Nur ausnahmsweise und in besonderen Fallgruppen kommt eine Aufklärungs- und Beratungspflicht der Bank in Betracht. Ein solcher Fall ist vorliegend indes nicht gegeben. So war die Rechtsvorgängerin der Beklagten nicht deshalb verpflichtet, auf die mit der Beteiligung verbundenen Gefahren besonders hinzuweisen, weil sie den Klägern gegenüber erkennbar einen Wissensvorsprung gehabt hätte.

Soweit die Kläger davon ausgehen, dieser Wissensvorsprung resultiere aus der Finanzierung auch des Bauträgers und dem Wissen um die vorgängige Bauträgergrundschuld, kann dem nicht gefolgt werden. Über die Belastungen des Grundstücks und die Bedeutung von Grundpfandrechten wurden die Kläger bei Abschluss des notariellen Kaufvertrags belehrt. Eine Pflicht der Bank, sich vor Auszahlung der Darlehenssumme nach der Zahlung des Kaufpreises zu erkundigen und sich aktiv um die Freigabe der Bauträgergrundschuld zu bemühen, bestand nicht.
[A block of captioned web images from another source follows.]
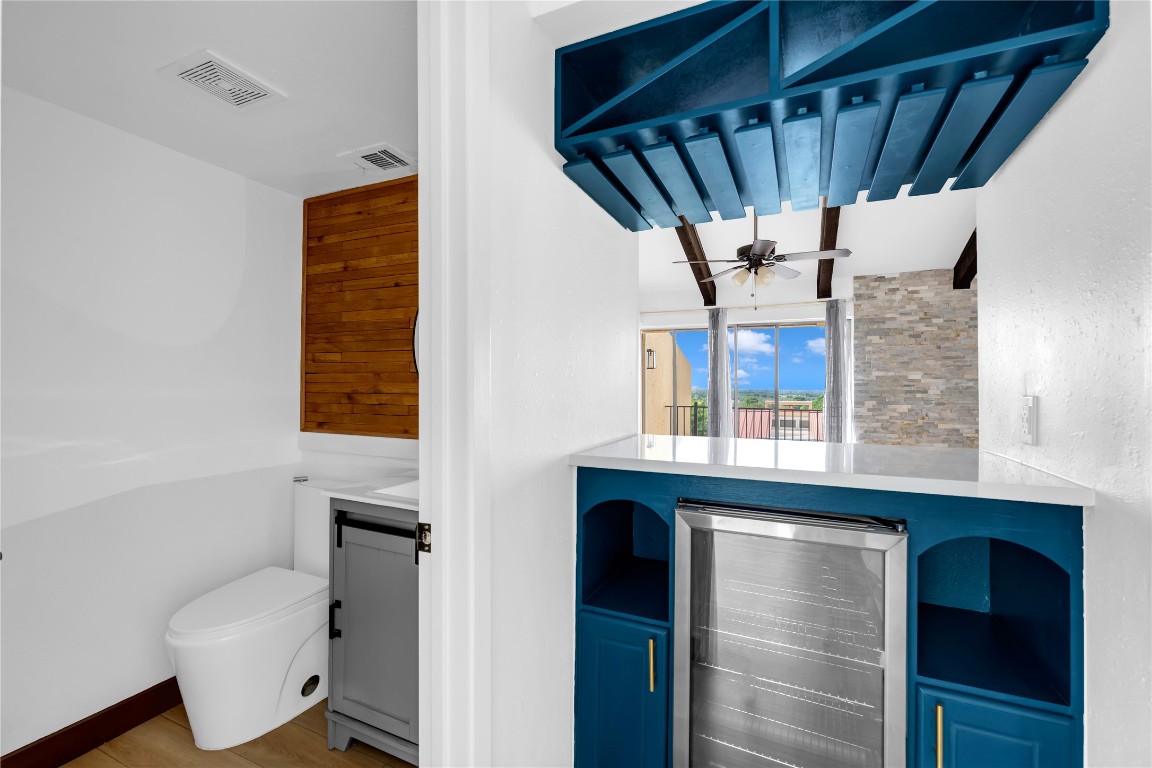 402 Hi Stirrup, Unit E2 Horseshoe Bay, TX 78657 - Photo 19 of 39 a view of a hallway with a chair and potted plant next to a window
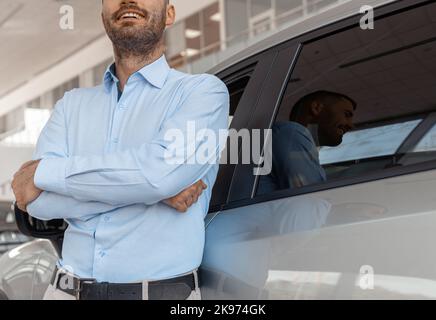 Nahaufnahme eines männlichen Beraters in der Autoschau, der in der Nähe von Autos steht Stockfoto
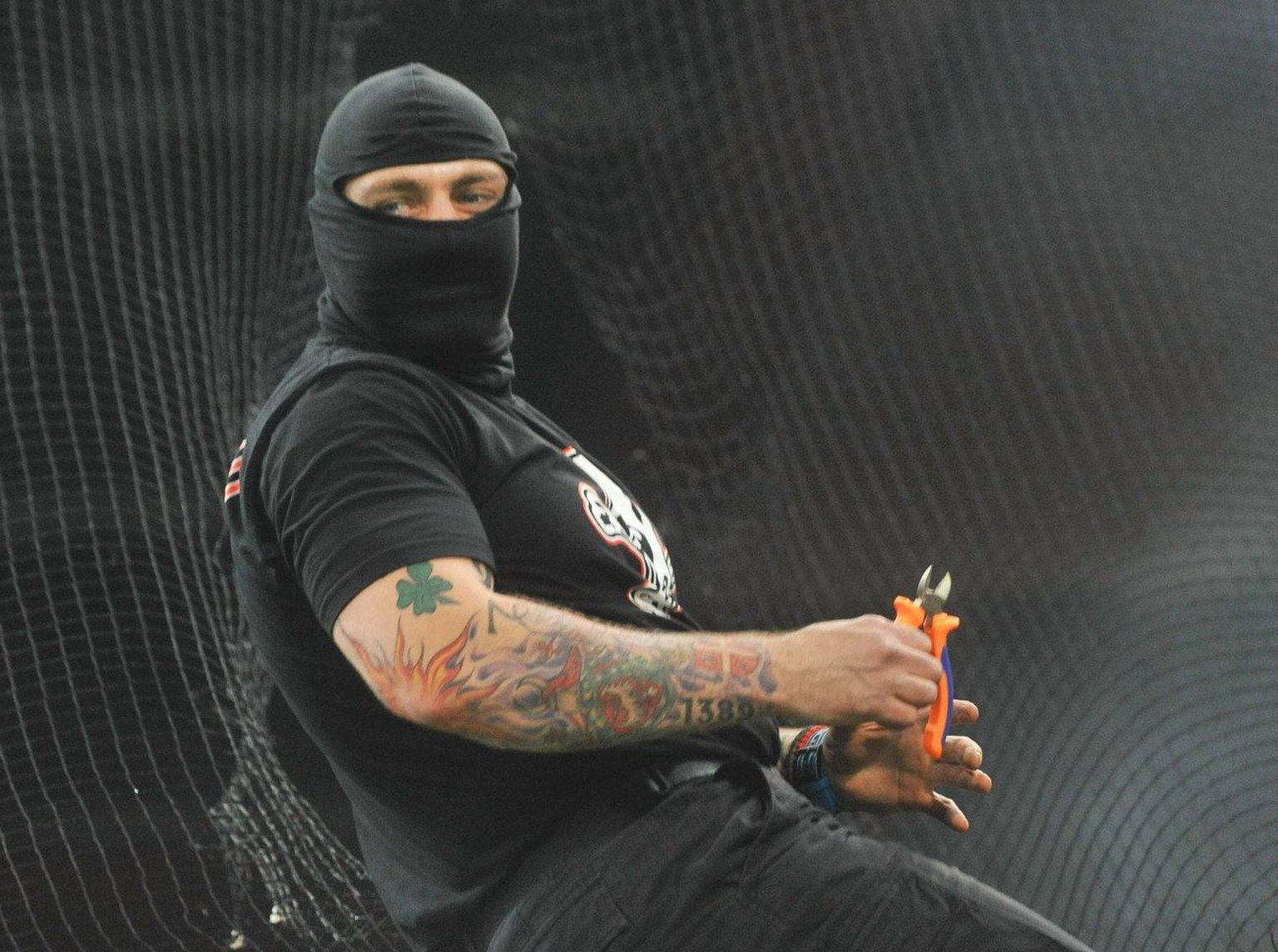 epa02622080 (FILE) A file picture dated 12 October 2010 shows Serbian fan Ivan Bogdanov cutting a protection net before the UEFA EURO 2012 qualification soccer match between Italy and Serbia at the Lu ...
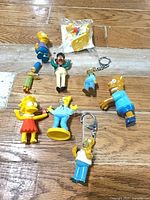 All nine Simpsons items laid out on floor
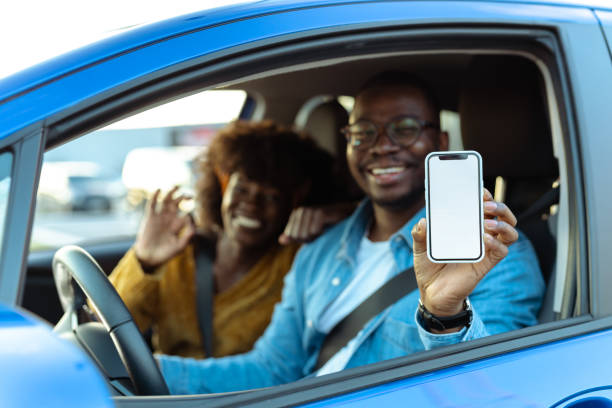istock African American couple showing smart phone with white screen while sitting in car 1477611088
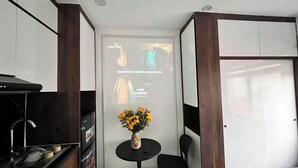 A compact kitchen with a sink, a small table with a vase of flowers, and a projection screen displaying text. - Era Hong Mai Apartment (Hanoi)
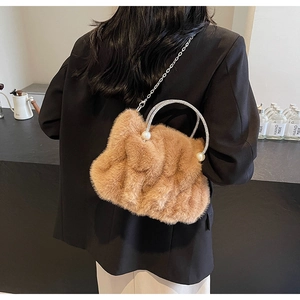 Detail van bruine tas van imitatiebont met handvat van strass en parelaccenten
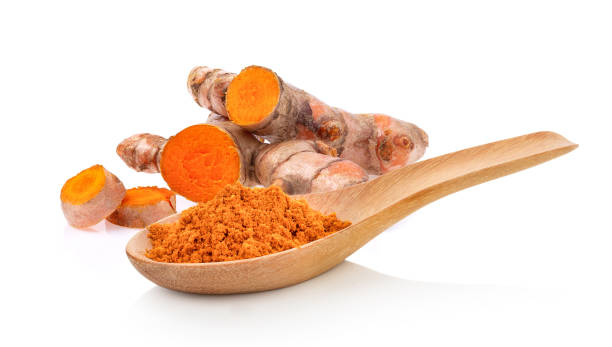 istock Turmeric powder in wood spoon isolated on white background 1216063132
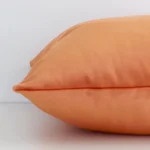 Bold orange cushion laid horizontally. This perspective shows the edge of the velvet fabric and its square shape.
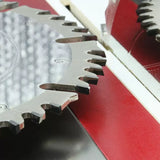 Close-up of a carbide-tipped table saw blade with sharp teeth on a red saw insert, woodworking tool.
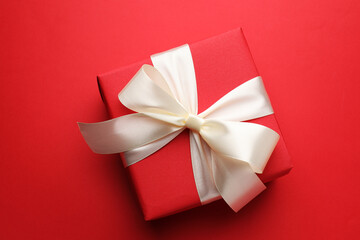 Beautiful gift with bow on red background, top view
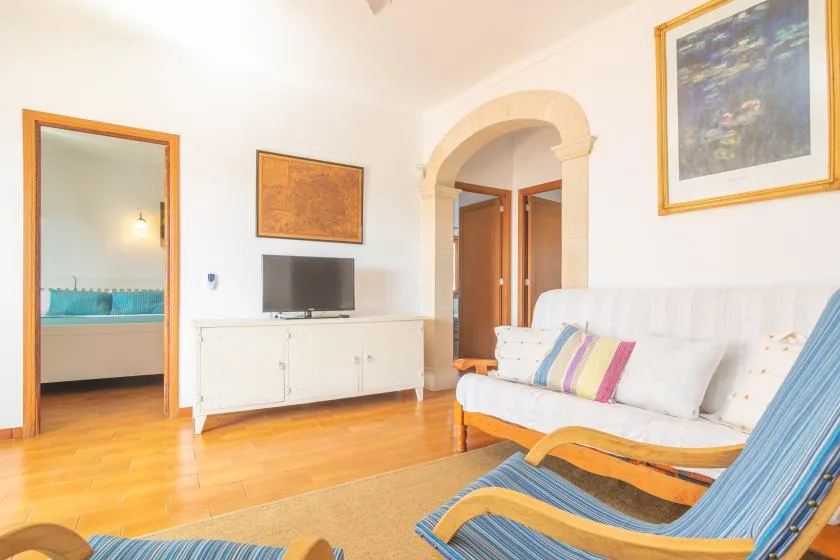 A bright living room with white seating, a television, and an arched doorway.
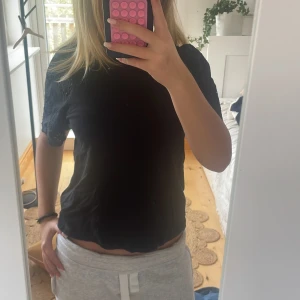 Svart blus med broderade ärmar - Svart blus med korta ärmar och snygga broderade detaljer samt hålmönster på ärmarna. Blusen har en rak passform och är tillverkad i mjuk bomull. Perfekt för dig som gillar stilrena plagg med en twist.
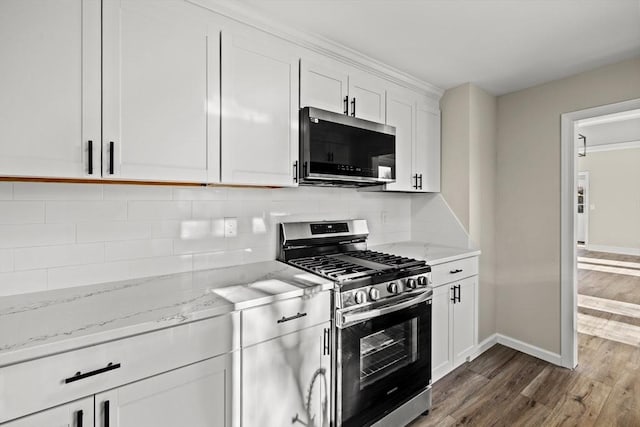 kitchen with white cabinetry, dark wood-type flooring, light stone countertops, and appliances with stainless steel finishes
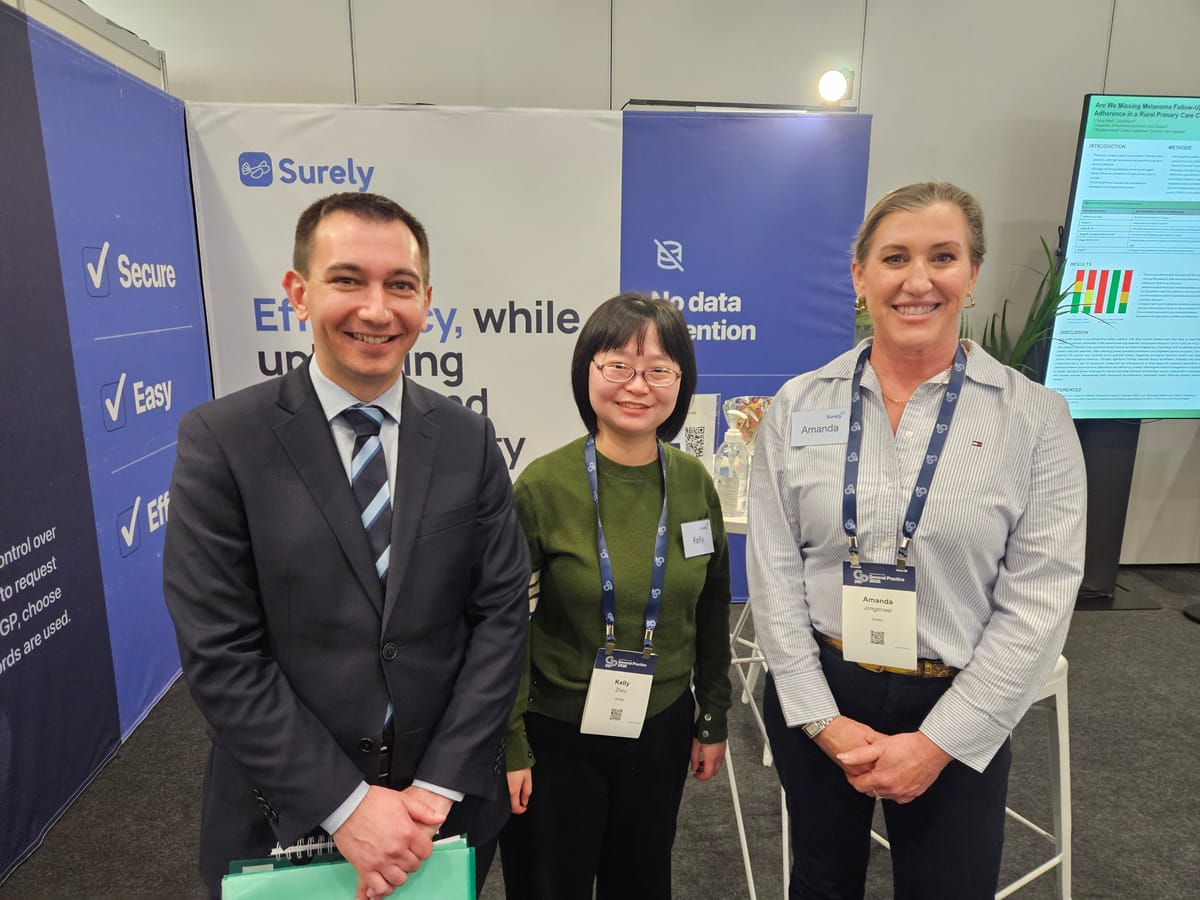 The Surely team with a guest at the Surely stand at GP26 in Auckland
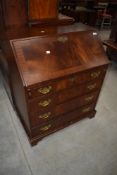 A reproduction mahogany bureau of small proportions, width approx. 74cm
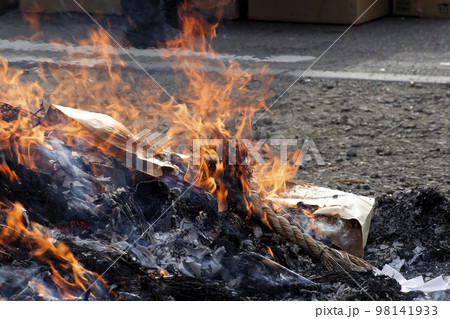正月飾りやだるま等の縁起物を焼いて燃やした煙とともに神様を見送る小正月の行事のどんど焼き 98141933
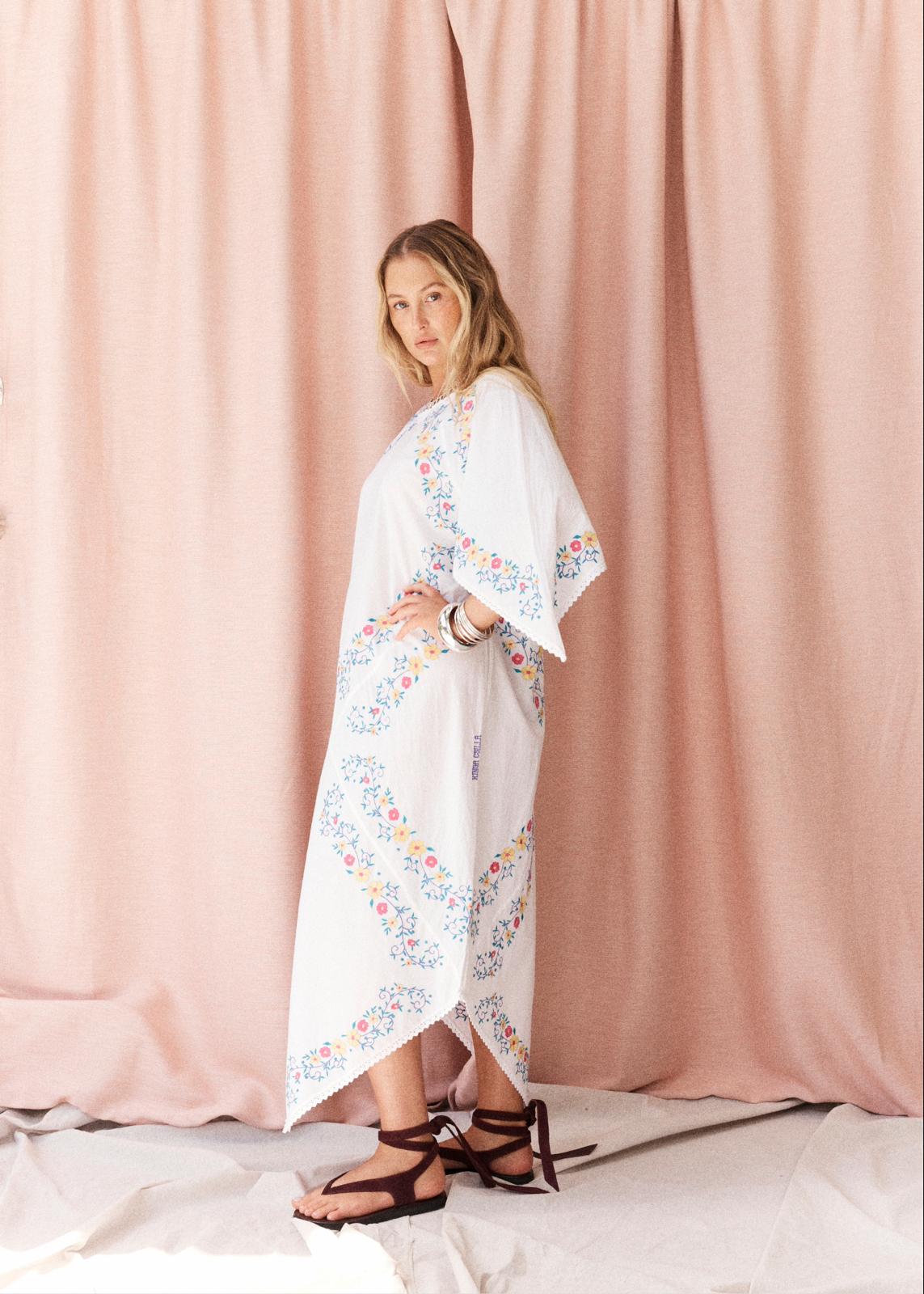 A woman modeling a white kaftan dress with colorful floral patterns, standing in front of a dusty pink curtain backdrop.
Es oblag vielmehr den Klägern, sich um die Voraussetzungen einer solchen Freigabe zu kümmern.

Anhaltspunkte für eine der drei anderen Fallgruppen, in denen die Rechtsprechung ausnahmsweise eine Hinweispflicht der Bank angenommen hat (Überschreiten der Rolle als Kreditgeberin, Interessenkonflikt der Bank oder Schaffung einer besonderen Gefahrenlage durch diese), sind weder substantiiert vorgetragen noch ersichtlich.

Eine Aussetzung des Verfahrens bis zur Entscheidung des EuGH über die Vorlage des LG Bochum ist nicht angezeigt (BGH BKR 2003, 898).

Die Kläger erhalten Gelegenheit zur Stellungnahme binnen zwei Wochen. Sie werden darauf hingewiesen, dass bei Rücknahme der Berufung allein Gerichtsgebühren in Höhe von 2.568,- € (Nr. 1221 KV) erspart werden können.